It was a risky wager. Oil was around $15 a barrel in June 1999 when Alfonso Cortina, chief executive of Spanish oil company Repsol, shelled out $15 billion for control of Argentina's YPF. The price tag for the 85% stake, to add to the 15% it already owned, matched Repsol's total market capitalization.
Now, with oil at $25 a barrel, the 56-year-old Cortina looks more like a visionary than a gambler. The new Repsol-YPF is the world's seventh-largest oil company.
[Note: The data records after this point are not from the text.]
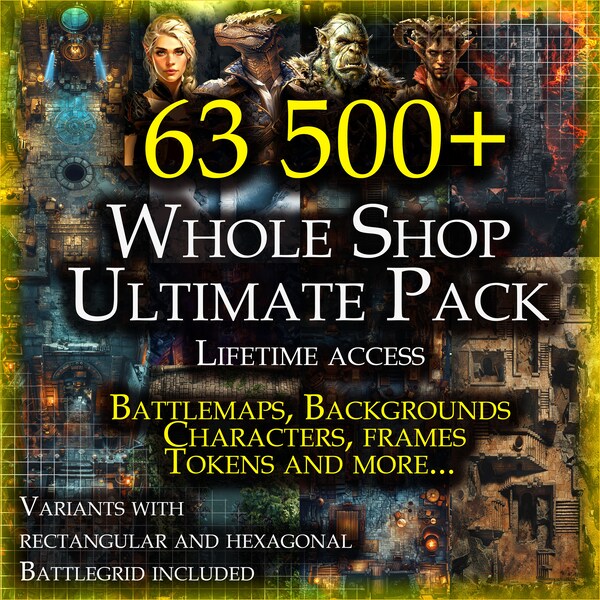 Whole shop bundle | DND Maps | Portraits | Token border frames | Condition tokens | Character tokens | Role playing accesories | TTRPG gift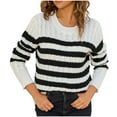 thumbnail image 1 of Sweaters For Women Sevevn Women Striped Patchwork Knitted Sweater With Long Sleeved Round Neck Sweater Top, 1 of 5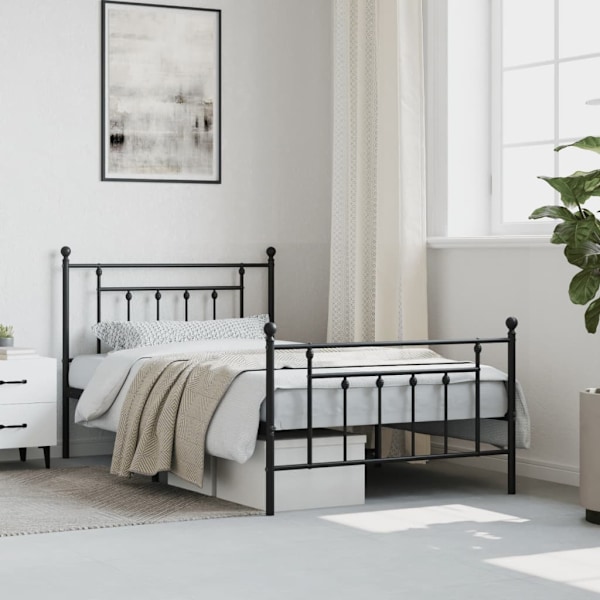 vidaXL Sängram med huvudgavel och fotgavel svart metall 107x203 cm Svart
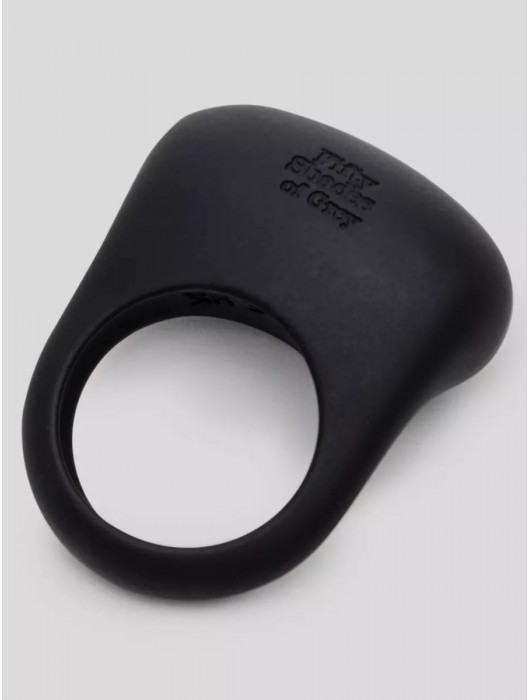 Черное эрекционное виброкольцо Sensation Rechargeable Vibrating Love Ring - Fifty Shades of Grey - в Бердске купить с доставкой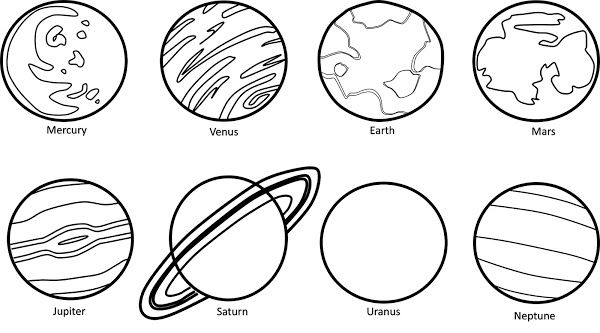 Planets clipart line. Black white free cliparts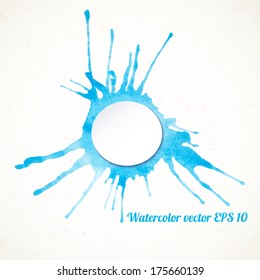 blue watercolor blotch with a sticker for your text. Textural background.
That's a far cry from the government-controlled, mainly domestic operation that Repsol was when Prime Minister Jose Maria Aznar made Cortina CEO in 1996. "It was an exceptional opportunity," says Cortina of the YPF acquisition.
Before the purchase, Repsol was mainly a refining and marketing outfit. The deal bolstered its exploration and production side, bringing total reserves to 4.5 billion barrels from a mere 978 million. It has also juiced profits: They jumped 16% last year to $1.1 billion. Cortina is forecasting a 50% hike for 2000. Yet Cortina isn't sitting still. Talks on a merger with Italy's ENI broke off earlier this year, but another oil deal is likely. He's also investing in fiber optics--one more new dimension for the Spanish company.